Researchers Have Teamed Up in India To Build a Gigantic Store of Texts and Images Extracted From 73M Journal Articles (nature.com) 32
A giant data store quietly being built in India could free vast swathes of science for computer analysis -- but whether it is a legal pursuit remains unclear. From a report: Carl Malamud is on a crusade to liberate information locked up behind paywalls -- and his campaigns have scored many victories. He has spent decades publishing copyrighted legal documents, from building codes to court records, and then arguing that such texts represent public-domain law that ought to be available to any citizen online. Sometimes, he has won those arguments in court. Now, the 60-year-old American technologist is turning his sights on a new objective: freeing paywalled scientific literature. And he thinks he has a legal way to do it. Over the past year, Malamud has -- without asking publishers -- teamed up with Indian researchers to build a gigantic store of text and images extracted from 73 million journal articles dating from 1847 up to the present day.

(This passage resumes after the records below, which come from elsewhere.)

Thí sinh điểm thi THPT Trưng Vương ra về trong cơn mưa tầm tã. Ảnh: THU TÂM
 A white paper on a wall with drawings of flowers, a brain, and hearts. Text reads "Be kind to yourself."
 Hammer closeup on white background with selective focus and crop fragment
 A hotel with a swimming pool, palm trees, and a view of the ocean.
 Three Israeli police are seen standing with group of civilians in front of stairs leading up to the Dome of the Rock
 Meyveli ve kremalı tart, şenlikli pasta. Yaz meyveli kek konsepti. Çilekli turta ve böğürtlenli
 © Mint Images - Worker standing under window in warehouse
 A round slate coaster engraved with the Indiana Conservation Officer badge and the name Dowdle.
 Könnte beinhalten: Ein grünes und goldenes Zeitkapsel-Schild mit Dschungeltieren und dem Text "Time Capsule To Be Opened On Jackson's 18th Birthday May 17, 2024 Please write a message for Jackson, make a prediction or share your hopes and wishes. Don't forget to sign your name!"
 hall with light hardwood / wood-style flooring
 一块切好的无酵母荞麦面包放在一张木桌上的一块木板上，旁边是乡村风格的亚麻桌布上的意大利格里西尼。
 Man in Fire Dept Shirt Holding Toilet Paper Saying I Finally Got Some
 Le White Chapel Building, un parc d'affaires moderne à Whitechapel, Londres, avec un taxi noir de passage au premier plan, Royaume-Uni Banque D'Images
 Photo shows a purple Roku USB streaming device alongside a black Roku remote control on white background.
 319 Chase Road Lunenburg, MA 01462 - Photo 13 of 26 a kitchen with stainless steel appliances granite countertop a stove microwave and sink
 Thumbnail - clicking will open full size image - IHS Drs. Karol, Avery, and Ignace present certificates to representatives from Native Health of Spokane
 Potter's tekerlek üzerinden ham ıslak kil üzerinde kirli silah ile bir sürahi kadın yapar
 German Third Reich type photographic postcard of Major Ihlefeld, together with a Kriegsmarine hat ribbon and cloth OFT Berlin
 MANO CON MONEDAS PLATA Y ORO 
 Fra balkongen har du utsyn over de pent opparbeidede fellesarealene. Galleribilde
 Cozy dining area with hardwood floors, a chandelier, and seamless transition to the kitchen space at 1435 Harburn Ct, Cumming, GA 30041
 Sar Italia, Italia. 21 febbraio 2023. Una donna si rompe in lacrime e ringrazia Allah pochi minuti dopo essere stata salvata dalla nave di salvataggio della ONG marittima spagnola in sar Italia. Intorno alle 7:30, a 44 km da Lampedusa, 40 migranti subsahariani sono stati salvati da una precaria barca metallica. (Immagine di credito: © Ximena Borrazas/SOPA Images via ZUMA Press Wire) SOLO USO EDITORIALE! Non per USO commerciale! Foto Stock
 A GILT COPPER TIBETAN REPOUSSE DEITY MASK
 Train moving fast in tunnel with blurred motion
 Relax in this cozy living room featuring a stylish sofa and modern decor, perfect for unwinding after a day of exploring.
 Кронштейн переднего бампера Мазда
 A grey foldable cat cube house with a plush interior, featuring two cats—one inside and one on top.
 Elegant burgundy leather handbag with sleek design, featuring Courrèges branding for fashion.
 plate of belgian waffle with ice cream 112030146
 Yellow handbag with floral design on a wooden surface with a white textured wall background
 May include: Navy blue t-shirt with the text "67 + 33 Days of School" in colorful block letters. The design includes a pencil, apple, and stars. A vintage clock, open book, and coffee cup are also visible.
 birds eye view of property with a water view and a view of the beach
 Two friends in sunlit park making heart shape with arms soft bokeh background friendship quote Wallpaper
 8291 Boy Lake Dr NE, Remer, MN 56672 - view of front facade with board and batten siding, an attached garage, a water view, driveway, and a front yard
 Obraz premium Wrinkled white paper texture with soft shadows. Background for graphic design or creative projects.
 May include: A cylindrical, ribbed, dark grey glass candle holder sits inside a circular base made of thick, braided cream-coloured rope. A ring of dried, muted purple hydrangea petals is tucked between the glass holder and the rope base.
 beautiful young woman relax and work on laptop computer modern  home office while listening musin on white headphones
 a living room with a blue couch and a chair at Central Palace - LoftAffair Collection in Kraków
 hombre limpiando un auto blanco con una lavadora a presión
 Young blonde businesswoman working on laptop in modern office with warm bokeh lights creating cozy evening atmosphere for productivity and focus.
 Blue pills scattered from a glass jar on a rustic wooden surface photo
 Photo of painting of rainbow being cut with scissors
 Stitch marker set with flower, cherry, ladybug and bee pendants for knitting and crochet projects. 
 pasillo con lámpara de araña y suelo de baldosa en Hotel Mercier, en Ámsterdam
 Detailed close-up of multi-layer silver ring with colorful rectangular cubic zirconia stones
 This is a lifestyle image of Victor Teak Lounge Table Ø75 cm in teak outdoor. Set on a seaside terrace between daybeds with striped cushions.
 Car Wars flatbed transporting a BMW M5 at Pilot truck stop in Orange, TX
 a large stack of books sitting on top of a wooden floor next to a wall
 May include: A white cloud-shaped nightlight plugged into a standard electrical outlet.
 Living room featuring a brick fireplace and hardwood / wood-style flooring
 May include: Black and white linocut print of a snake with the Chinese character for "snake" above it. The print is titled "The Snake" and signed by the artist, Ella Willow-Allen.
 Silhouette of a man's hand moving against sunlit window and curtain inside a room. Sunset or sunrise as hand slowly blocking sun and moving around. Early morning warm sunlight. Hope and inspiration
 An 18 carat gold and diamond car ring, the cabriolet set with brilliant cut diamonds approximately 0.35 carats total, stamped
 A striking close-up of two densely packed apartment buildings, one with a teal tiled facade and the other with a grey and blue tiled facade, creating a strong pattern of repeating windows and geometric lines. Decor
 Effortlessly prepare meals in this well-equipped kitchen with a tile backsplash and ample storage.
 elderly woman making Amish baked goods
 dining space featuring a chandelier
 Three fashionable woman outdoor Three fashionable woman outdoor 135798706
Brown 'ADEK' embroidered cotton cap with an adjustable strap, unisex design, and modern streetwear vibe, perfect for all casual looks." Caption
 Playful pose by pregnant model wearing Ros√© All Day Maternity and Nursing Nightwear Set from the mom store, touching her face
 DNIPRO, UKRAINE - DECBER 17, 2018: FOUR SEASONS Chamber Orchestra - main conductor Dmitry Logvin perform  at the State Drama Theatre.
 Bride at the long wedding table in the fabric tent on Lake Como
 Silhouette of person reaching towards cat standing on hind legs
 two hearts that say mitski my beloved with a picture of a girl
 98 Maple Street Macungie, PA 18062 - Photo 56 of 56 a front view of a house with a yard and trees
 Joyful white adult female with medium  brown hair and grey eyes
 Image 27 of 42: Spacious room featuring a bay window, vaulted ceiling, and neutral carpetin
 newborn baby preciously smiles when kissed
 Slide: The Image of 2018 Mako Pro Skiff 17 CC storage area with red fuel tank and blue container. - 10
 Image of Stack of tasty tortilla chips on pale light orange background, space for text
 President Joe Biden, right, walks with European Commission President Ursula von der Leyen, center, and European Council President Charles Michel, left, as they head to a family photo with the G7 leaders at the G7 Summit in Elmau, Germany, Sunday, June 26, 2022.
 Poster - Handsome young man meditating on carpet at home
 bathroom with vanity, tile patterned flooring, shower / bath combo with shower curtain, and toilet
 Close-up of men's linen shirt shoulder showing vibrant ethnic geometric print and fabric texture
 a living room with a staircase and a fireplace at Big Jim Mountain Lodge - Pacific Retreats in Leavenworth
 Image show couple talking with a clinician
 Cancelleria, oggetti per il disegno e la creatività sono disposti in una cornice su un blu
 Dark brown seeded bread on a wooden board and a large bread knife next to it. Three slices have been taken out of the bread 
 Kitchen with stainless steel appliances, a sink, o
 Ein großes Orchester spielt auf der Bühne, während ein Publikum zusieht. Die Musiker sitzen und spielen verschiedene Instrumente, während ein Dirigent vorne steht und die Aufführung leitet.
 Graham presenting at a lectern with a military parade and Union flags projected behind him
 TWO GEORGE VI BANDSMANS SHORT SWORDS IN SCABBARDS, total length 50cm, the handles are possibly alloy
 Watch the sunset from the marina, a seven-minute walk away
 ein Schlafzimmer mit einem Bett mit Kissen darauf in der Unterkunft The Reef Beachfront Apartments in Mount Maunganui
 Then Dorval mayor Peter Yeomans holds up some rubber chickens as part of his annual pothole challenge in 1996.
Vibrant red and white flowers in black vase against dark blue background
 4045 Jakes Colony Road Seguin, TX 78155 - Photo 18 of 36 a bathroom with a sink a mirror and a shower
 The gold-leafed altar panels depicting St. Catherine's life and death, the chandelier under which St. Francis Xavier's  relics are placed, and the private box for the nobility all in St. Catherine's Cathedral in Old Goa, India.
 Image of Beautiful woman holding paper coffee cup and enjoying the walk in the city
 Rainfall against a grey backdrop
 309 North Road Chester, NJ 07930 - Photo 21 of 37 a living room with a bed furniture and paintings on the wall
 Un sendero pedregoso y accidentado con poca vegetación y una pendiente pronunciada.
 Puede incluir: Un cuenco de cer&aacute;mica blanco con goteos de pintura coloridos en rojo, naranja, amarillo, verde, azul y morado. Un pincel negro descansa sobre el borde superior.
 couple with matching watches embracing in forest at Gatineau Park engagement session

The cache, which is still being created, will be kept on a 576-terabyte storage facility at Jawaharlal Nehru University (JNU) in New Delhi. "This is not every journal article ever written, but it's a lot," Malamud says. It's comparable to the size of the core collection in the Web of Science database, for instance. Malamud and his JNU collaborator, bioinformatician Andrew Lynn, call their facility the JNU data depot. No one will be allowed to read or download work from the repository, because that would breach publishers' copyright. Instead, Malamud envisages, researchers could crawl over its text and data with computer software, scanning through the world's scientific literature to pull out insights without actually reading the text. The unprecedented project is generating much excitement because it could, for the first time, open up vast swathes of the paywalled literature for easy computerized analysis.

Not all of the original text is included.